The authoritative specification is the W3C Decentralized Identifiers (DIDs) v1.0 specification, which defines:

• DID Syntax (Section 3.1): The universal structure did:method:method-specific-id
• DID Documents (Section 4): Data model for identifier metadata
• DID Methods (Section 8): Extension mechanism for method-specific implementations
• DID Resolution (Section 7.1): Process for retrieving DID documents
• DID URL Dereferencing (Section 7.2): Mechanism for accessing resources

The specification establishes DIDs as URIs (Uniform Resource Identifiers) following RFC 3986, with the did: URI scheme registered with IANA.
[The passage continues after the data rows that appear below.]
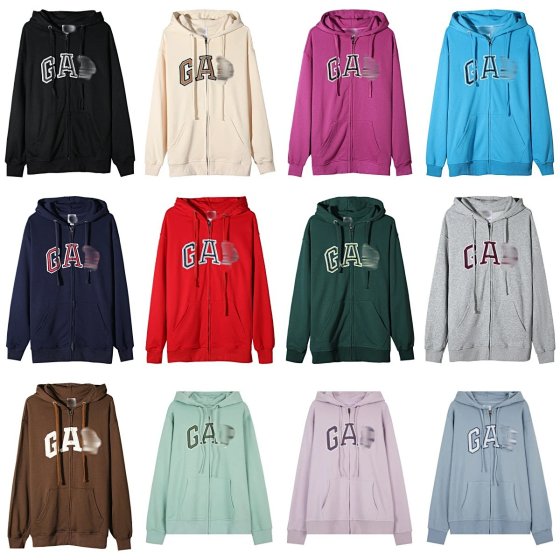 Trendy hooded zipper sweatshirt for autumn and winter, with embroidered letters for both men and women, loose fitting hoodie made of pure cotton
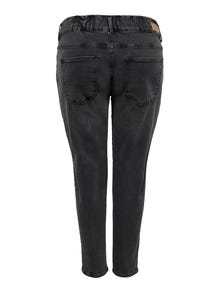 ONLY CARLu Hw corte carrot talla grande Jeans de talle alto -Black Denim - 15253614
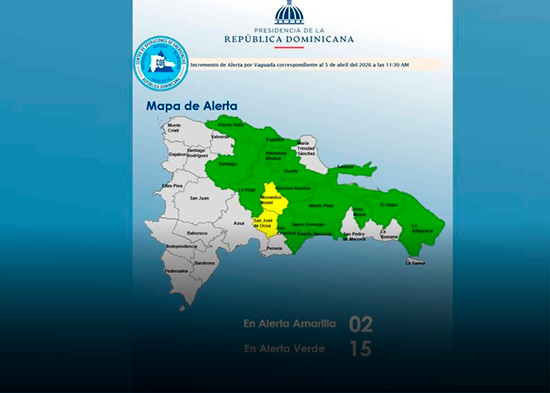El COE aumenta a 16 las provincias en alerta por las lluvias y mantiene la del Distrito Nacional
Version History and Evolution

The DID specification evolved through several phases:

1. Early Conceptualization (2015-2016): Initial work on self-sovereign identity and self-certifying identifiers
2. W3C Community Group (2017-2019): Development of initial specification drafts
3. W3C Working Group (2019-2022): Formal standardization process
4. W3C Recommendation (2022): Publication of DIDs v1.0 as official standard

The specification explicitly acknowledges that many—but not all—DID methods utilize distributed ledger technology (DLT) or decentralized networks. This qualification is significant because it establishes that DLT or blockchain infrastructure is common but not mandatory, allowing for diverse implementation approaches including ledgerless architectures like KERI.

Protocol Architecture

High-Level Architecture Components

The DID architecture consists of four primary components:

1. DID Syntax

The DID syntax follows a hierarchical structure:

did:method:method-specific-id[:path][?query][#fragment]

Where:

• did: - The URI scheme identifier
• method - The specific DID method name (e.g., keri, webs, web, key)
• method-specific-id - Method-specific identifier string
• Optional components: path, query, and fragment following URI conventions

2. DID Documents

A DID document is a set of data describing the DID subject, containing:

• Verification Methods: Cryptographic public keys for authentication
• Verification Relationships: Purpose-specific key associations (authentication, assertion, key agreement, capability invocation, capability delegation)
• Service Endpoints: Network addresses for interacting with the DID subject
• Metadata: Additional properties like creation timestamps, update timestamps

The DID document serves as the resolved representation of a DID, providing the cryptographic material and metadata necessary for verifying control and establishing secure communications.

3. DID Methods

A DID method is a specification defining how a particular DID scheme operates. Each method must specify:

• Create: How to create a new DID and DID document
• Read/Resolve: How to retrieve the current DID document
• Update: How to modify an existing DID document
• Deactivate: How to mark a DID as no longer active

DID methods provide the implementation-specific mechanisms that enable the abstract DID specification to function across diverse infrastructures. Examples include:

• did:keri - KERI-based method using key event logs
• did:webs - Web-based method with KERI security
• did:web - Simple web-based method using HTTPS
• did:key - Static cryptographic key method

4. DID Resolution

DID resolution is the process of retrieving a DID document given a DID. The resolution process:

1. Input: DID string and resolution options
2. Method Selection: Identify the DID method from the method name
3. Method-Specific Resolution: Execute the method's Read operation
4. Output: DID document in conforming representation plus metadata

Resolution relies on the Read operation of the applicable DID method, making it method-specific in implementation but standardized in interface.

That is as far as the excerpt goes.